In exercising its discretion to use a language other than that of the Registration Agreement, the Panel has to exercise such discretion judicially in the spirit of fairness and justice to both Parties, taking into account all relevant circumstances of the case, including matters such as the Parties' ability to understand and use the proposed language, time and costs.
The Respondent has corresponded with the Complainant’s representatives in part in the English language and said that he had read the Complaint in detail which indicates that he is familiar with the English language. The Panel is also mindful of the need to ensure the proceeding is conducted in a timely and cost effective manner.
In all the circumstances, the Panel therefore finds that the Respondent would not be prejudiced, should the Decision be rendered in English. The Panel notes that all of the communications from the Center to the parties were transmitted in both Chinese and English.
Having considered all the matters above, the Panel determines that English be the language of the proceeding.
6.3 Substantive Analysis
A. Identical or Confusingly Similar
The Panel is satisfied that the Complainant has established that it has rights to the Trade Mark.
The threshold test for confusing similarity involves the comparison between the trade mark and the domain name itself to establish if the domain name is identical or confusingly similar to the complainant’s trade mark. The trade mark would generally have to be recognizable within the domain name. In this case the Domain Name integrates the Trade Mark in its entirety.

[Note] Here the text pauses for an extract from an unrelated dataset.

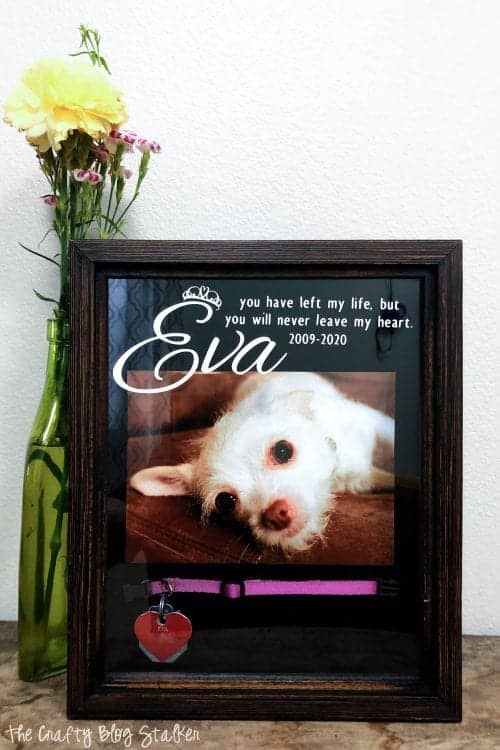 the finished pet memorial shadow box frame
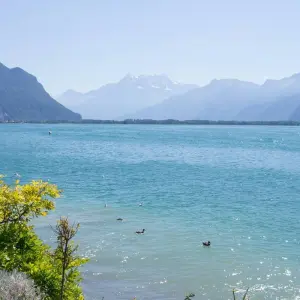 Explore 6 Days Trip to Switzerland for 6 days with WiseYatra and discover unforgettable experiences - Photo 4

For the purposes of assessing identity and confusing similarity under paragraph 4(a)(i) of the Policy, it is permissible for the Panel to ignore the generic Top-Level Domain (“gTLD”) which in this case is “.ltd” as it is viewed as a standard registration requirement.
The Panel finds that the Domain Name is identical to a trade mark in which the Complainant has rights and that the requirements of paragraph 4(a)(i) of the Policy therefore are fulfilled.
B. Rights or Legitimate Interests
Pursuant to paragraph 4(c) of the Policy, a respondent may establish rights to or legitimate interests in the disputed domain name by demonstrating any of the following:
(i) before any notice to it of the dispute, the respondent’s use of, or demonstrable preparations to use, the domain name or a name corresponding to the domain name in connection with a bona fide offering of goods or services; or
(ii) the respondent has been commonly known by the domain name, even if it has acquired no trademark or service mark rights; or
(iii) the respondent is making a legitimate noncommercial or fair use of the domain name, without intent for commercial gain, to misleadingly divert consumers, or to tarnish the trade mark or service mark at issue.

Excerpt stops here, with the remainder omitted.